Sperker B, Hu P, Herrmann R
Department of Microbiology, University of Heidelberg, Germany.
Mol Microbiol. 1991 Feb;5(2):299-306. doi: 10.1111/j.1365-2958.1991.tb02110.x.
Gene P1 of Mycoplasma pneumoniae, which codes for a major adhesin, is flanked by two sequences with open reading frames designated ORF4 and ORF6 (Inamine et al., 1988b). In order to identify proteins translated from those ORFs, gene fusions between the N-terminus of the RNA replicase of the Escherichia coli bacteriophage MS2 and selected regions of ORF4 and ORF6 were constructed. The corresponding fusion proteins synthesized in Escherichia coli were used to immunize mice. Antisera directed against ORF4-related sequences did not recognize M. pneumoniae antigens in Western blot analysis, but antisera directed against ORF-6-derived fusion proteins reacted with two M. pneumoniae proteins of 40 kDa and 90 kDa. In addition, some of the antisera also recognized proteins that formed in a sodium dodecyl sulphate/polyacrylamide gel a protein ladder between 115 and 145 kDa.

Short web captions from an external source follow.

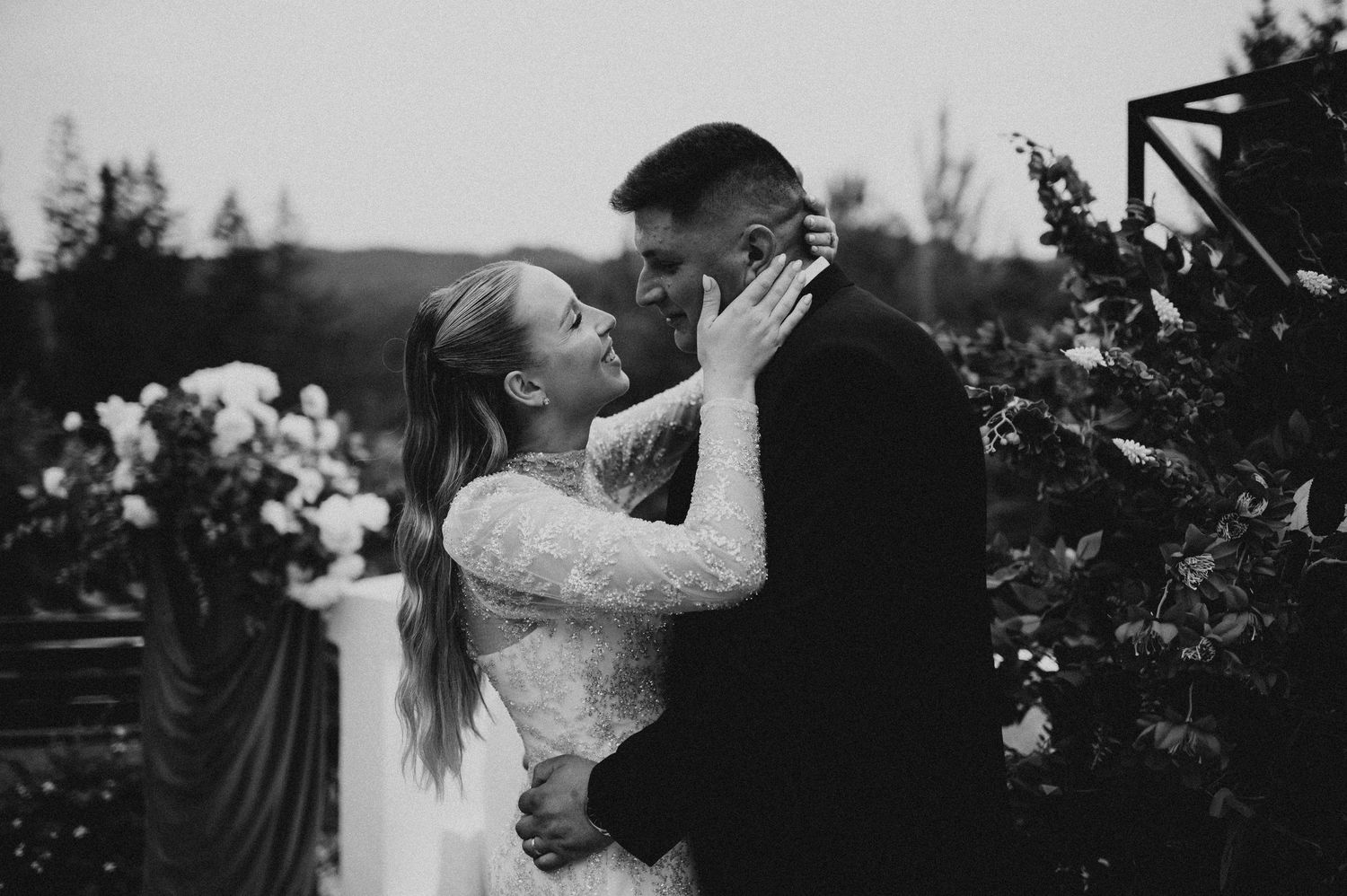 Black and white romantic photo of bride and groom sharing an intimate moment outdoors at dusk.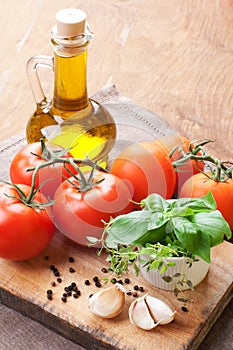 Fresh tomatoes, olive and herbs. life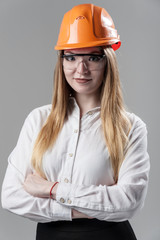 Portrait of a young attractive woman with blond hair in orange helmet on a neutral gray background.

肺炎支原体的基因P1编码一种主要黏附素,其两侧有两个带有开放阅读框的序列,分别命名为ORF4和ORF6(稻岭等人,1988b)。为了鉴定从这些开放阅读框翻译出的蛋白质,构建了大肠杆菌噬菌体MS2的RNA复制酶N端与ORF4和ORF6选定区域之间的基因融合体。在大肠杆菌中合成的相应融合蛋白用于免疫小鼠。在蛋白质印迹分析中,针对ORF4相关序列的抗血清未识别出肺炎支原体抗原,但针对ORF-6衍生融合蛋白的抗血清与两种分子量分别为40 kDa和90 kDa的肺炎支原体蛋白发生反应。此外,一些抗血清还识别在十二烷基硫酸钠/聚丙烯酰胺凝胶中形成的分子量在115至145 kDa之间的蛋白梯带中的蛋白质。